**Assigned task**
Return the records in full, exactly as given.

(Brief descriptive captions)
####

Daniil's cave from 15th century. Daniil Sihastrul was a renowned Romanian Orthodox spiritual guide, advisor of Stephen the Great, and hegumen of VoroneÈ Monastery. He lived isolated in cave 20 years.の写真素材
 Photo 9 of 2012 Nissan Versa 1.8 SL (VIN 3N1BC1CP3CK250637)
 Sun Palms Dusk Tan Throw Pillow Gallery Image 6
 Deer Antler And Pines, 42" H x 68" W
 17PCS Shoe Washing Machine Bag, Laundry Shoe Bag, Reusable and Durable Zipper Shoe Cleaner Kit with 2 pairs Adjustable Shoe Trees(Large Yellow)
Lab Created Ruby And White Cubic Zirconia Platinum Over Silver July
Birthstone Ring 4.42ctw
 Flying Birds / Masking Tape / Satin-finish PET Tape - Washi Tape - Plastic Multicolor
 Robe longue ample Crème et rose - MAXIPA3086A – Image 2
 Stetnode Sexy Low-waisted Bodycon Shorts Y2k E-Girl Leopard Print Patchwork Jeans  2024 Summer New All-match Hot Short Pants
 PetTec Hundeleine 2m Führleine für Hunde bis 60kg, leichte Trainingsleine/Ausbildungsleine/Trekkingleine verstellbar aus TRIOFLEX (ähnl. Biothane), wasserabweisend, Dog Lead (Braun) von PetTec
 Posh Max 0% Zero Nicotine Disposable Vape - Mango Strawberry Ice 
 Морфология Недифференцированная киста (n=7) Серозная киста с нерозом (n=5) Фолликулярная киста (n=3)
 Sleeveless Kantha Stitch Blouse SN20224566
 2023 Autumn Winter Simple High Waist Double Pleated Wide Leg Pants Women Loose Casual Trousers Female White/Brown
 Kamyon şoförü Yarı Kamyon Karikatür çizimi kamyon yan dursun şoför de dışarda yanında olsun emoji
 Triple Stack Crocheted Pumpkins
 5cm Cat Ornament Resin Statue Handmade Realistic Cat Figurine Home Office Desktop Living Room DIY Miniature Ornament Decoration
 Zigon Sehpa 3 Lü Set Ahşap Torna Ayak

####

**Answer for this exercise**
Daniil's cave from 15th century. Daniil Sihastrul was a renowned Romanian Orthodox spiritual guide, advisor of Stephen the Great, and hegumen of VoroneÈ Monastery. He lived isolated in cave 20 years.の写真素材
 Photo 9 of 2012 Nissan Versa 1.8 SL (VIN 3N1BC1CP3CK250637)
 Sun Palms Dusk Tan Throw Pillow Gallery Image 6
 Deer Antler And Pines, 42" H x 68" W
 17PCS Shoe Washing Machine Bag, Laundry Shoe Bag, Reusable and Durable Zipper Shoe Cleaner Kit with 2 pairs Adjustable Shoe Trees(Large Yellow)
Lab Created Ruby And White Cubic Zirconia Platinum Over Silver July
Birthstone Ring 4.42ctw
 Flying Birds / Masking Tape / Satin-finish PET Tape - Washi Tape - Plastic Multicolor
 Robe longue ample Crème et rose - MAXIPA3086A – Image 2
 Stetnode Sexy Low-waisted Bodycon Shorts Y2k E-Girl Leopard Print Patchwork Jeans  2024 Summer New All-match Hot Short Pants
 PetTec Hundeleine 2m Führleine für Hunde bis 60kg, leichte Trainingsleine/Ausbildungsleine/Trekkingleine verstellbar aus TRIOFLEX (ähnl. Biothane), wasserabweisend, Dog Lead (Braun) von PetTec
 Posh Max 0% Zero Nicotine Disposable Vape - Mango Strawberry Ice 
 Морфология Недифференцированная киста (n=7) Серозная киста с нерозом (n=5) Фолликулярная киста (n=3)
 Sleeveless Kantha Stitch Blouse SN20224566
 2023 Autumn Winter Simple High Waist Double Pleated Wide Leg Pants Women Loose Casual Trousers Female White/Brown
 Kamyon şoförü Yarı Kamyon Karikatür çizimi kamyon yan dursun şoför de dışarda yanında olsun emoji
 Triple Stack Crocheted Pumpkins
 5cm Cat Ornament Resin Statue Handmade Realistic Cat Figurine Home Office Desktop Living Room DIY Miniature Ornament Decoration
 Zigon Sehpa 3 Lü Set Ahşap Torna Ayak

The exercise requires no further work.